* Work to be completed
From the data that follows, set down exactly the lines from the one with "Пропонуються різнокольорові шиншили" through the one with "乌兰察布夜场招模特——闪耀夜晚的机会等你来挑战！", counting both. Pictures stay out.

* Recorded information
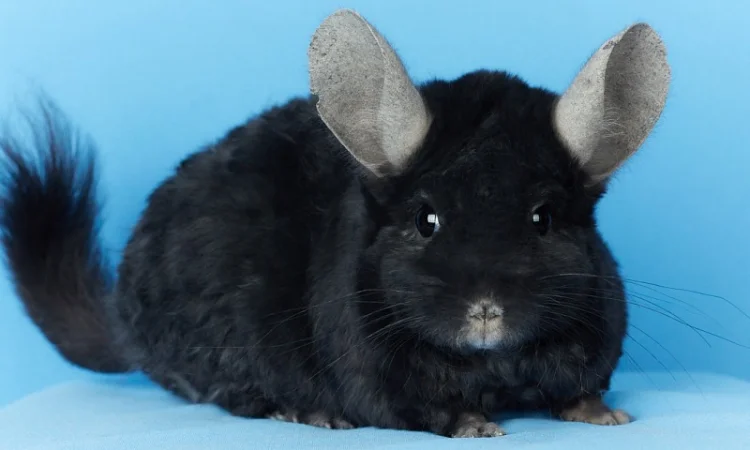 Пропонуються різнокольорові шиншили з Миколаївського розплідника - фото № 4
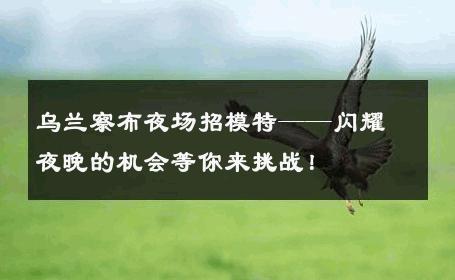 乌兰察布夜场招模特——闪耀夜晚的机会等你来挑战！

---

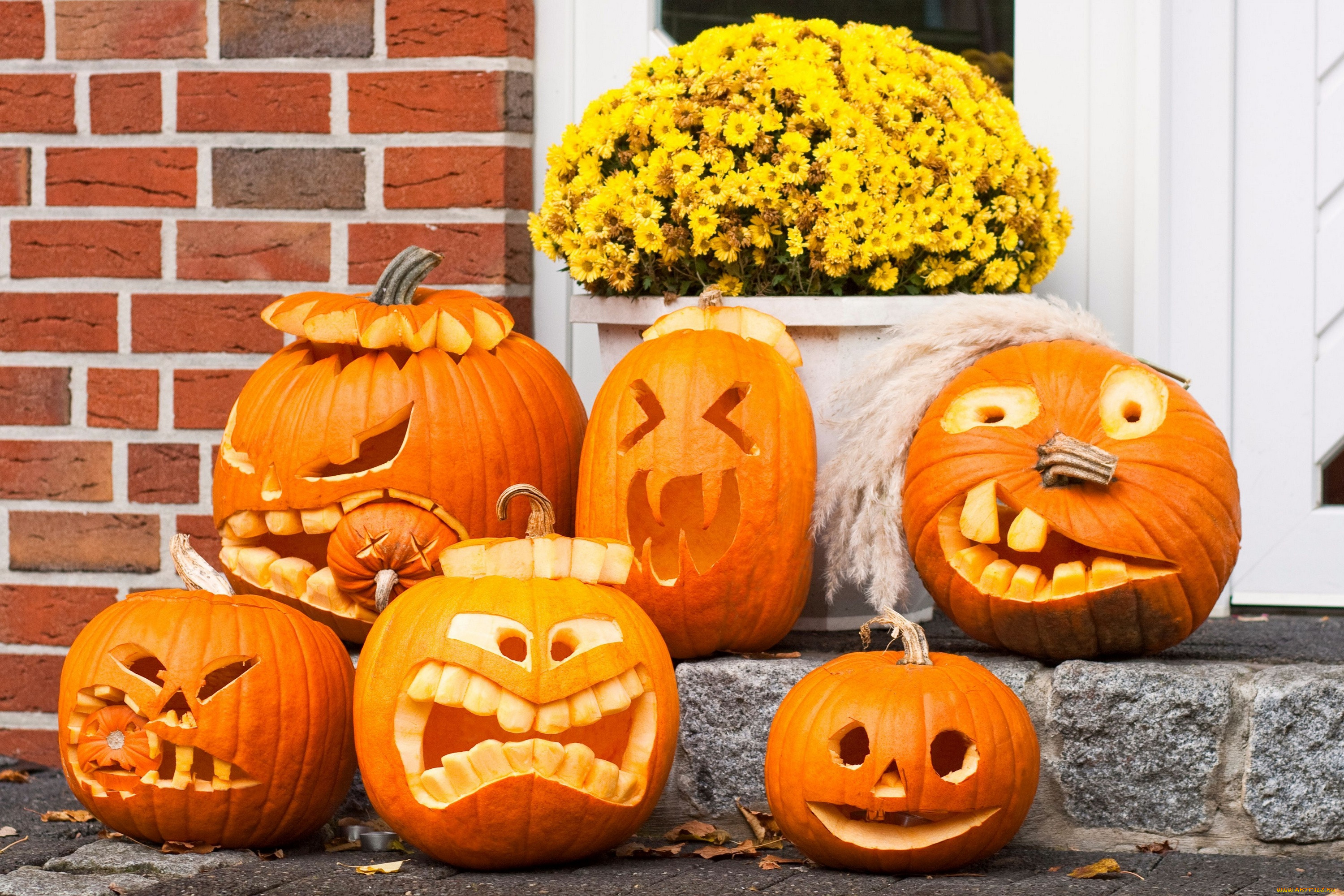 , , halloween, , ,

* Exercise solution
 Пропонуються різнокольорові шиншили з Миколаївського розплідника - фото № 4
 乌兰察布夜场招模特——闪耀夜晚的机会等你来挑战！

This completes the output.